Southern California's Vietnamese population grew sharply in the 1990s despite ebbing immigration, drawing newcomers from elsewhere in the state and nation into a powerful cluster that now exceeds 230,000, census information released today shows.
That includes 135,548 in Orange County alone, where the Vietnamese American community surged almost 89% and won demographic bragging rights over rival centers in the San Jose area and Texas.
FOR THE RECORD
Los Angeles Times Thursday May 24, 2001 Home Edition Part A Part A Page 2 A2 Desk 2 inches; 53 words Type of Material: Correction
Vietnamese centers--A graphic accompanying a Wednesday story about the growing Vietnamese population in the United States did not include Massachusetts, Pennsylvania and Georgia among the states with the largest number of Vietnamese residents. They are respectively the fifth, seventh and eighth ranked states for greatest number of residents of Vietnamese ancestry.
The latest cache of census data gives the most nuanced picture yet of the last decade's changes in California's large, increasingly heterogenous Asian population.
Overall, the number of Asian residents rose 35.2%, to almost 3.7 million (not counting the about half a million people who identified themselves as multiracial and part Asian), but did so unevenly, both numerically and geographically.
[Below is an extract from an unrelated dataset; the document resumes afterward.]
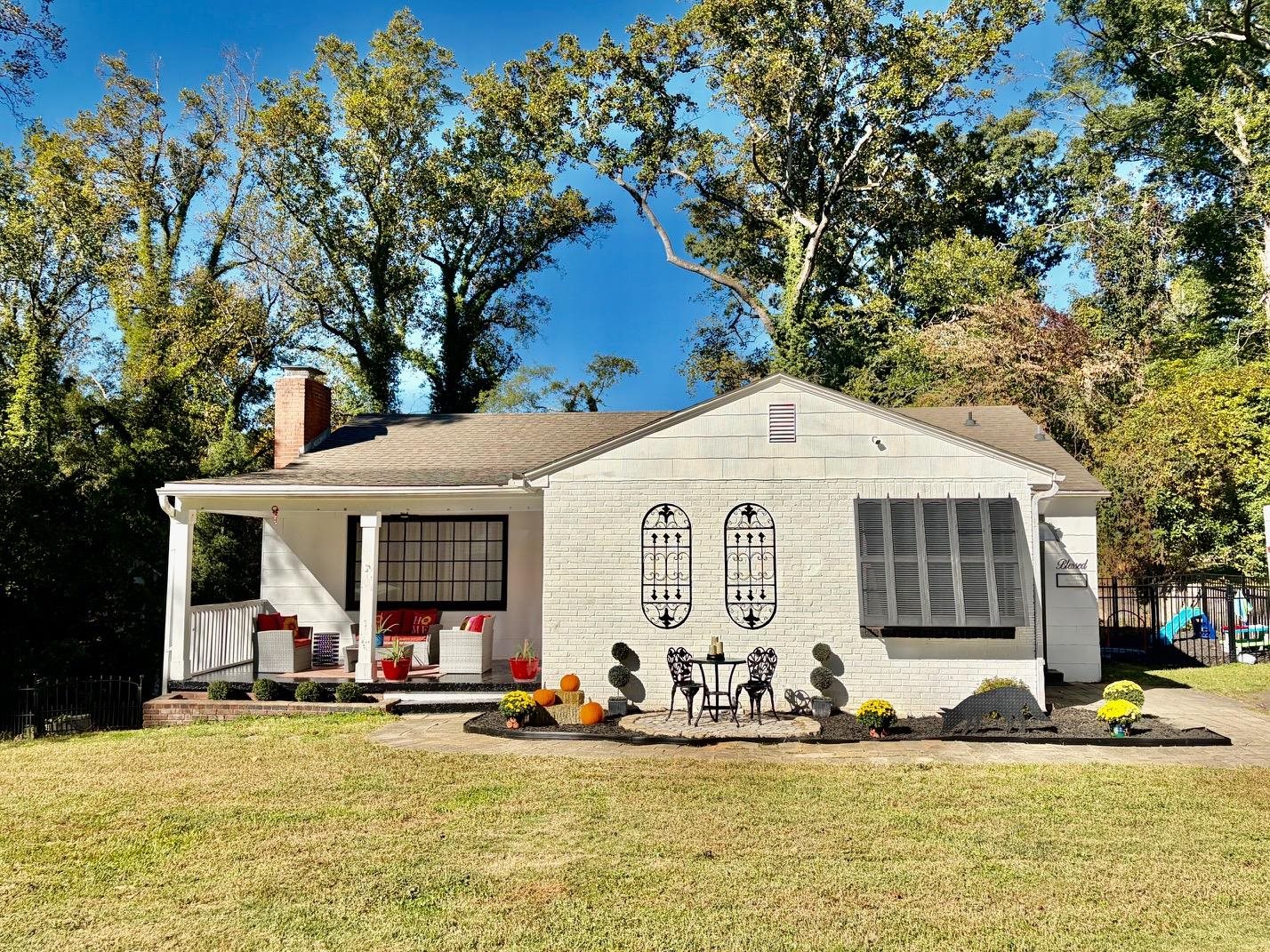 108 E Crescent Road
The 2000 census reflects the continued suburban diaspora of Chinese Americans, who neared the 1-million mark in pushing past Filipinos to become the state's largest Asian group. Though the Chinese population dropped 6% in the city of Los Angeles, it grew more than 34% in the county and strongly throughout the rest of the region.
Mirroring a national trend, California's Japanese American population fell almost 8% in the 1990s, affected by intermarriage and a low birth rate. Regionally, the sharpest drop occurred in the city of Los Angeles, where the number of Japanese fell 18.5% to under 37,000.
The new economy left its stamp as well, fueling a 97% advance for Asian Indians, particularly in Northern California, where a host of highly skilled immigrants answered the technology industry's need for computer programmers and engineers.
In the quarter-century since the first Vietnam War refugees arrived at Camp Pendleton near San Diego, Southern California has been transformed from an entry port to a final stop for Vietnamese Americans.
After the tsunami of the 1980s, when the state's Vietnamese population more than quadrupled, international immigration largely dried up, shrinking in Orange County from 10,510 in 1992 to 1,017 in 1998, INS records show.
But a wave of domestic migration appears to have taken up the slack somewhat, creating what Van Tran, an attorney and Garden Grove's first Vietnamese City Council member, calls "the mecca of all things Vietnamese in the United States."
Tran regards himself as one of many "new Pilgrims" to Orange County. He settled first in Grand Rapids, Mich., then was lured westward in 1980 by beach and sun.